--- Supplied material ---

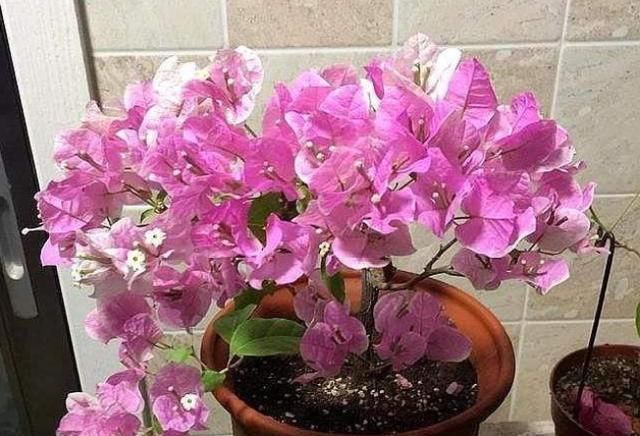 三角梅不开花把这水浇“2勺”,不要太多一点就好,花朵溢出盆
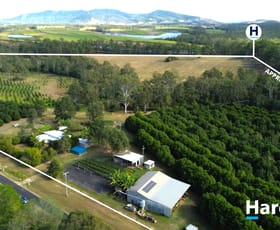 Rural / Farming commercial property for sale at 45 Talegalla Drive Talegalla Weir QLD 4650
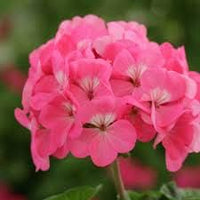 Rosa geranium blume samen for anpflanzung - garten favorite, heirloom & gmo free samen for home garten
 
 sale samen for home garten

---

- **Instructions for the task**:
Output the data above in full and exactly, with every image left out.

- **Problem solution**:
 三角梅不开花把这水浇“2勺”,不要太多一点就好,花朵溢出盆
 Rural / Farming commercial property for sale at 45 Talegalla Drive Talegalla Weir QLD 4650
 Rosa geranium blume samen for anpflanzung - garten favorite, heirloom & gmo free samen for home garten
 
 sale samen for home garten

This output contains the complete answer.